Measured 2026-07-05 on an Apple Silicon workstation (local NVMe):
| Metric | Result |
|---|---|
| Seeding throughput (write path: FTS + vec0 + entity linking) | 388 facts/s (100k in ~4.3 min) |
| Hybrid search (FTS + vector + RRF), p50 / p95 over 200 queries | 103 / 321 ms |
Graph-expanded search (expandHops: 1, 'ppr'), p50 / p95, dense hubs | 1.8 / 2.0 s |
Graph-expanded search (expandHops: 2, 'ppr'), p50 / p95 over 5 queries | 89 / 99 s (documented hot spot) |
| Consolidator light phase (per-pass, ceiling-bounded) | < 0.1 s |
| DB size on disk (after WAL checkpoint) | 125.6 MiB (~1.3 KiB/fact) |
For contrast, at 2k facts (the CI smoke corpus) the same probe measures hybrid p95 ~5 ms and hop-1 graph p95 ~53 ms.
Practical guidance
- The vector leg is the read-path driver at scale. vec0's KNN is a brute-force scan, so hybrid latency grows linearly with corpus size: ~5 ms p95 at 2k facts, ~320 ms p95 at 100k (64-dim). FTS-only recall stays in single-digit milliseconds throughout (see
benchmarks/latency). If you need sub-100ms hybrid search beyond ~30-50k facts, shrink the vector dimension, shard by scope, or gate the vector leg per query. - Graph expansion is per-query opt-in for a reason. Hop-1 cost scales with seed-candidate count x entity fanout: milliseconds on well-separated entities, ~2 s at 100k facts under dense hubs. Hop-2 re-expands the hub fanout per reached fact and lands in the tens of seconds there - keep
expandHops: 2for offline/analysis flows, not interactive recall. - Writes are the expensive direction. Every
rememberis an FTS insert + a vector insert + (with the graph on) entity resolution and linking; ~390 facts/s sustained on a workstation. Bulk imports should batch and can disablegraph.entityResolutionduring the load, then backfill. - The consolidator light phase is ceiling-bounded per pass, so a single pass stays sub-second regardless of corpus size; sweeping a large corpus is a matter of scheduled repeat passes (the default triggers do this), not one long blocking call.

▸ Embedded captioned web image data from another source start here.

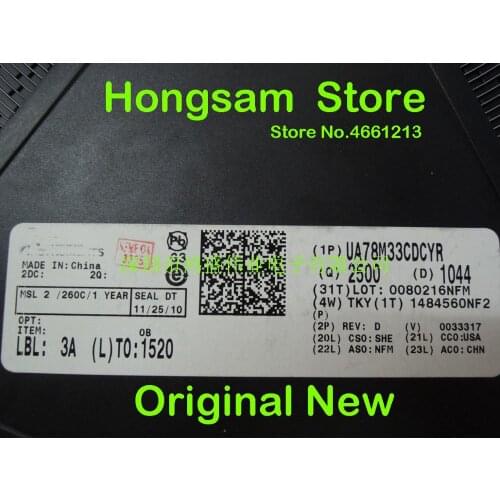 50PCS)(100PCS) UA78M33CDCYR C3 SOT-223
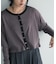 別注 Light Panel Rib ColorScheme Cardigan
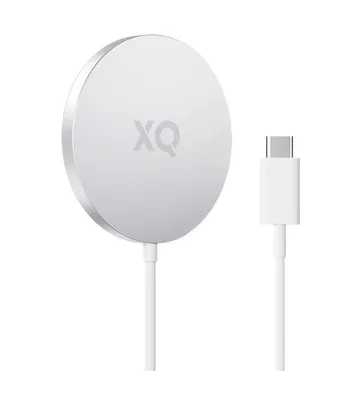 Zdjęcie produktu dla SZYBKA ŁADOWARKA BEZPRZEWODOWA INDUKCYJNA XQISIT do Magsafe 15W Kabel USB-C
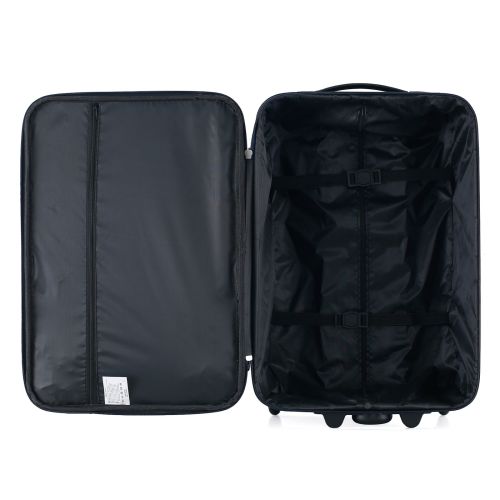 Чемодан Semi Line 20 ручная кладь на 2 колесах полиэстер 600D защищенные колеса +2 кармана объем 34 л синий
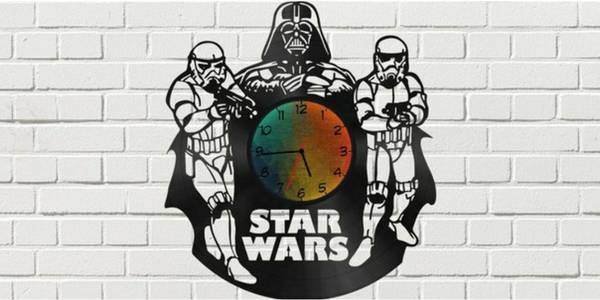 Star wars clock plans darth vader stormtrooper cdr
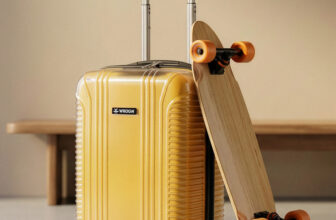 WROGN Clearcase Cabin Suitcase 8 Wheels – 22 Inch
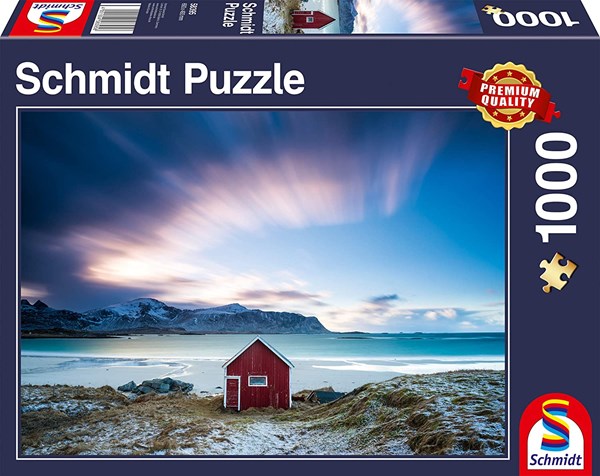 Schmidt Spiele (58395) - "Hut on the Atlantic Coast" - 1000 pièces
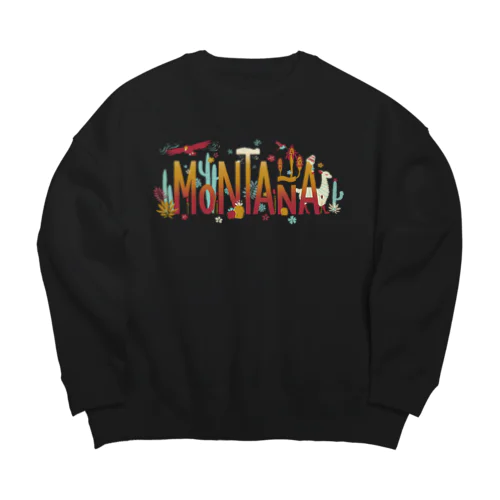 La Montaña（背景透明） Big Crew Neck Sweatshirt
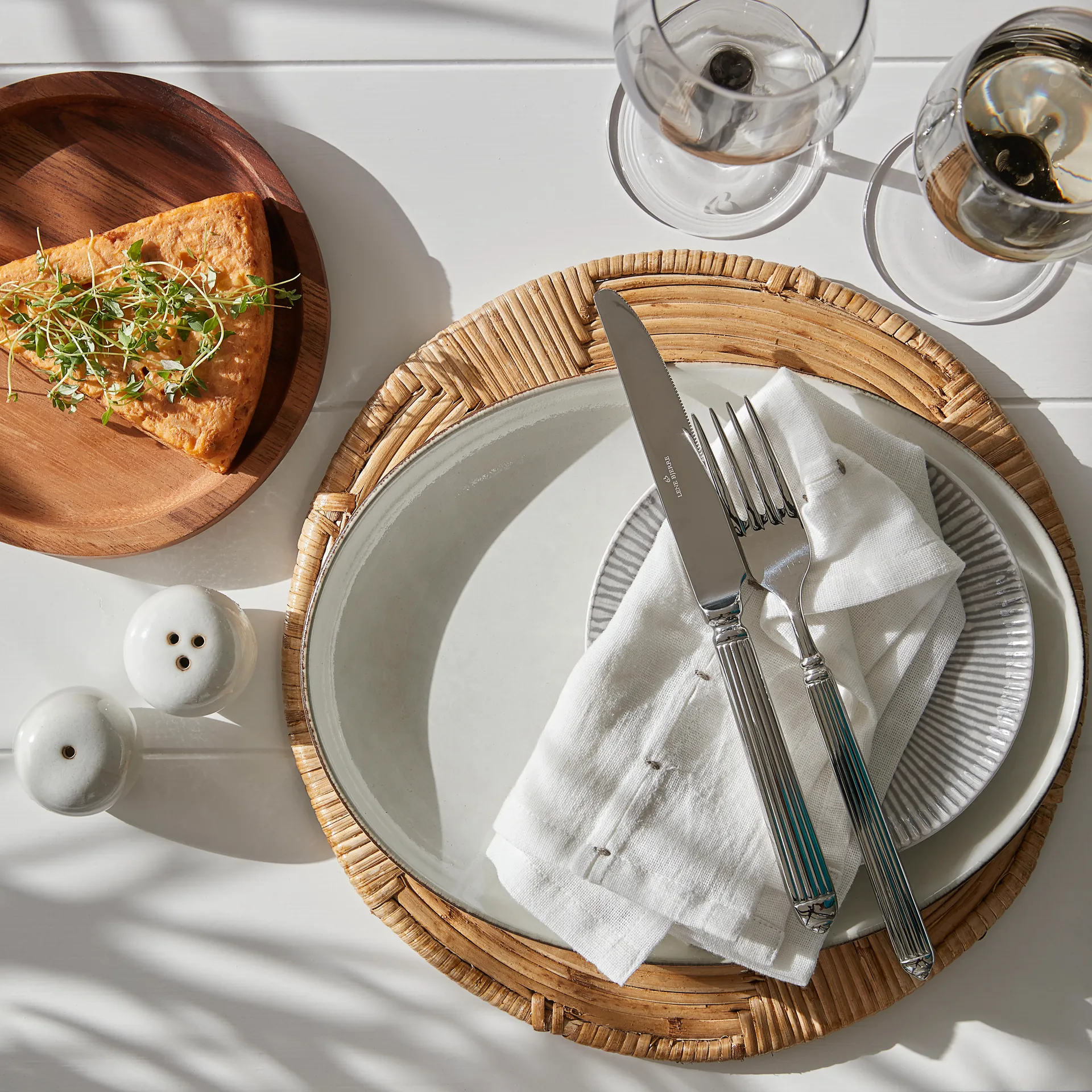 Amera salt- & pepper shakers, 白色 沙色 Lene Bjerre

- DB size budgets roughly linearly: ~1.3 KiB/fact at 64-dim vectors and short texts (vector table + FTS index dominate). 1M facts of this shape would be ~1.3 GiB.
- Long-term growth is dominated by side tables, not facts. Spans, idempotency response bodies, consolidator run counters, session audit rows, memory history and terminal workflow checkpoints all accumulate per activity, not per remembered fact. The standalone server sweeps the derived surfaces by default (
config.retention); in lib-mode schedule the prune primitives yourself - see the deployment guide. - One writer. SQLite is single-writer: keep one writing service process per DB file (the k8s template pins
replicas: 1for exactly this reason). Operator CLI commands against a live server are the supported exception - see the concurrency matrix for which commands read safely, which contend for the write lock (stalling the server's event loop up tobusy_timeoutper statement), and which require stopping the server.
Reproducing
pnpm --filter @graphorin/benchmark-scale run build
node benchmarks/scale/dist/runner.js # full profile: 100k facts
node benchmarks/scale/dist/runner.js --facts 10000
node benchmarks/scale/dist/runner.js --smoke # CI plumbing gate (2k facts)The probe writes benchmarks/scale/RESULTS.md with the same table as above.
Related latency probes
benchmarks/latency- FTS-only search latency tripwire that runs on every PR (--smoke, 120 facts, catastrophic-only p95 budget) and in full mode at 2k facts with a 100 ms p95 gate. The MVP design target (p95 < 100 ms at 10k facts) is a workstation-profile target - validate it with the scale probe above, not with hermetic CI numbers.benchmarks/cost- assembled-prompt token cost regression gate (exact counts, fails the PR on >10% growth).